> [AIM OF THE TASK] In the material below, find the line with "An interactive webinar" and the line with "Sinsay - Βελούδινη κουρτίνα - κεχριμπαρενιο", then output both and every line between them exactly, omitting pictures.

> [SUPPLIED RECORDS]
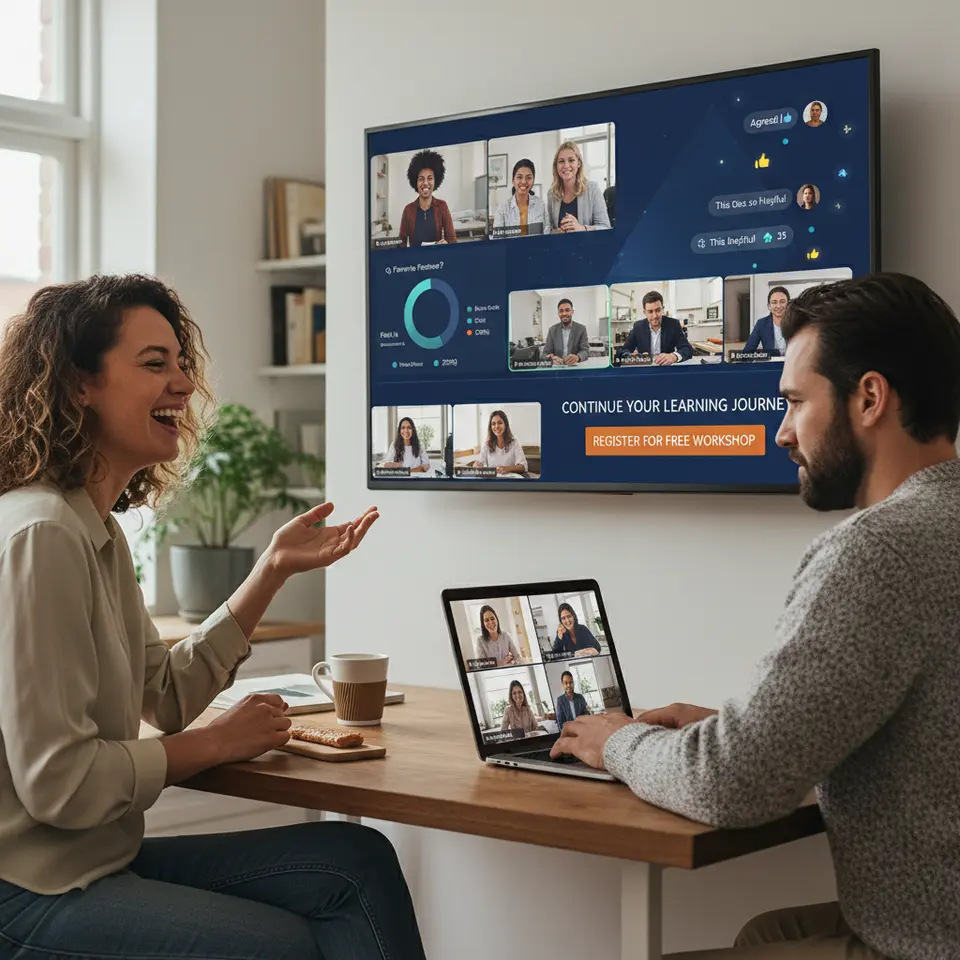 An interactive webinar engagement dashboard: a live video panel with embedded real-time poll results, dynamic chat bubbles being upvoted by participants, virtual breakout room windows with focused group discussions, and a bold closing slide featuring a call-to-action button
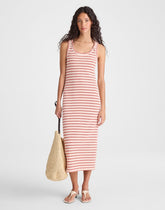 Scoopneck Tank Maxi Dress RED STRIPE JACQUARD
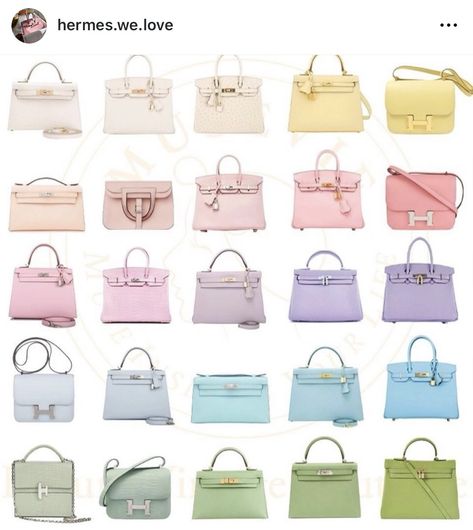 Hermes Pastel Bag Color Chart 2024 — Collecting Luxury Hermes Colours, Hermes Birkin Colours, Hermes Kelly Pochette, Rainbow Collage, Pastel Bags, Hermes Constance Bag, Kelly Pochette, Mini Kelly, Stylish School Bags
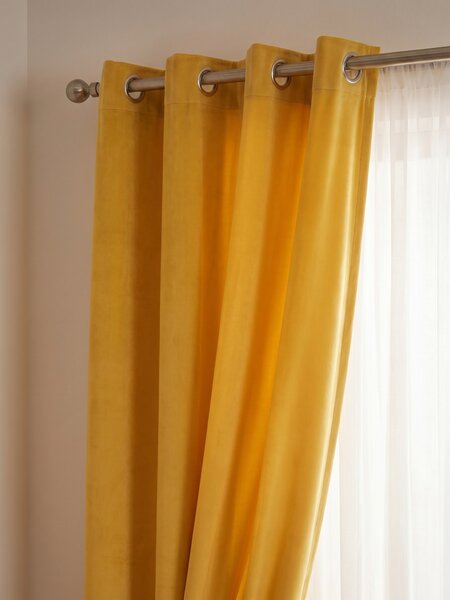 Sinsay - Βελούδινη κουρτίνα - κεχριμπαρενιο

==

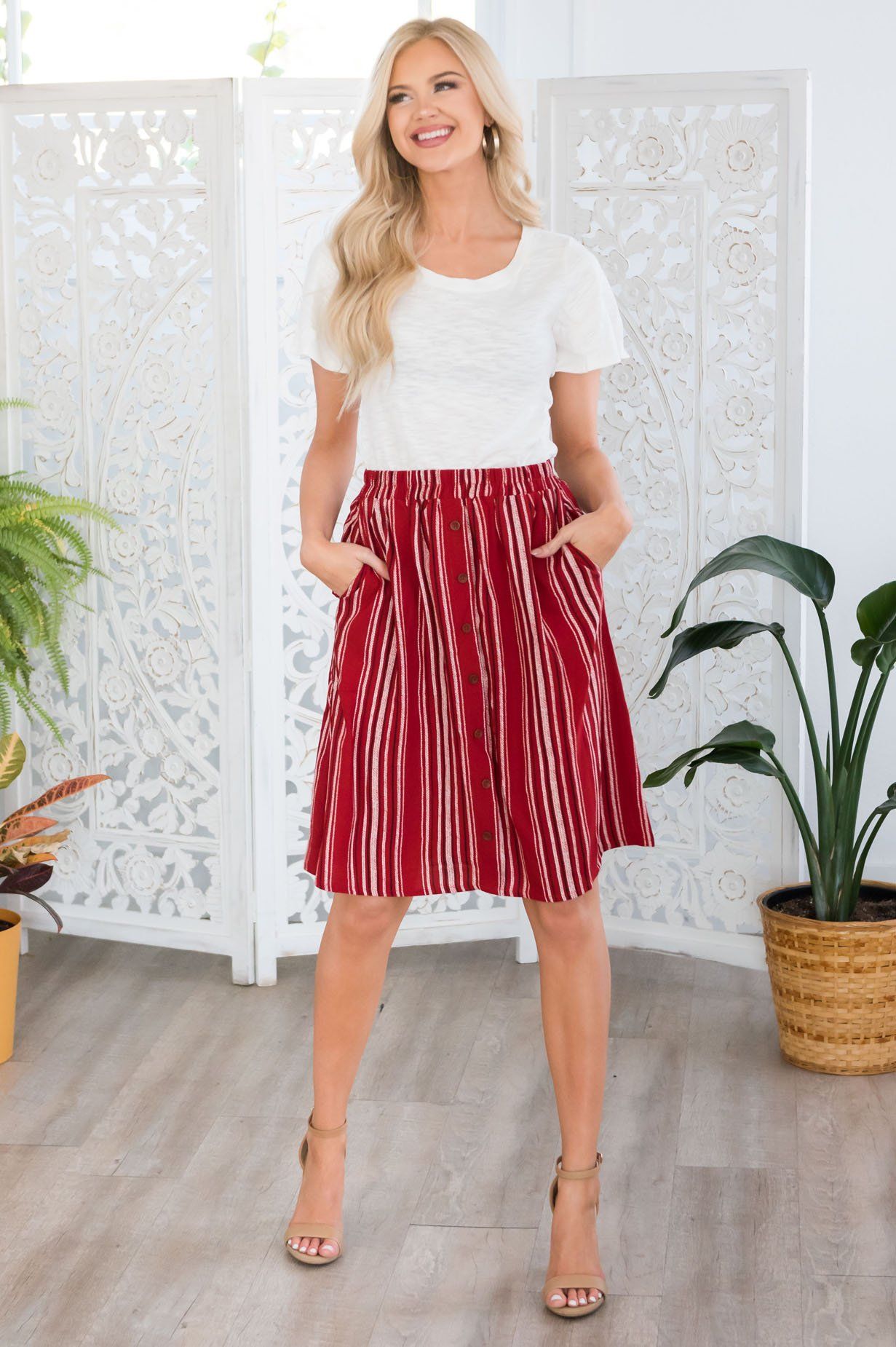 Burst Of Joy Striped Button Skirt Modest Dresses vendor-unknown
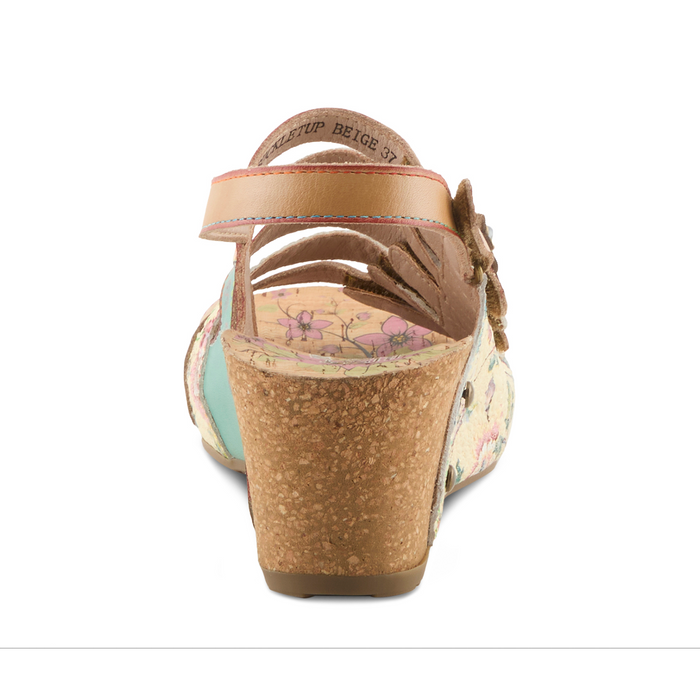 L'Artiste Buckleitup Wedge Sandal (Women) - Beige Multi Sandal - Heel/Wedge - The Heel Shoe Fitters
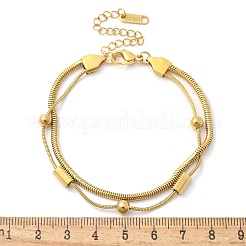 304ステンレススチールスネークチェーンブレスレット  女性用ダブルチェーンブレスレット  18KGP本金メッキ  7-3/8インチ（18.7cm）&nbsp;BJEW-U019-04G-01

> [RESPONSE AREA]
 An interactive webinar engagement dashboard: a live video panel with embedded real-time poll results, dynamic chat bubbles being upvoted by participants, virtual breakout room windows with focused group discussions, and a bold closing slide featuring a call-to-action button
 Scoopneck Tank Maxi Dress RED STRIPE JACQUARD
 Hermes Pastel Bag Color Chart 2024 — Collecting Luxury Hermes Colours, Hermes Birkin Colours, Hermes Kelly Pochette, Rainbow Collage, Pastel Bags, Hermes Constance Bag, Kelly Pochette, Mini Kelly, Stylish School Bags
 Sinsay - Βελούδινη κουρτίνα - κεχριμπαρενιο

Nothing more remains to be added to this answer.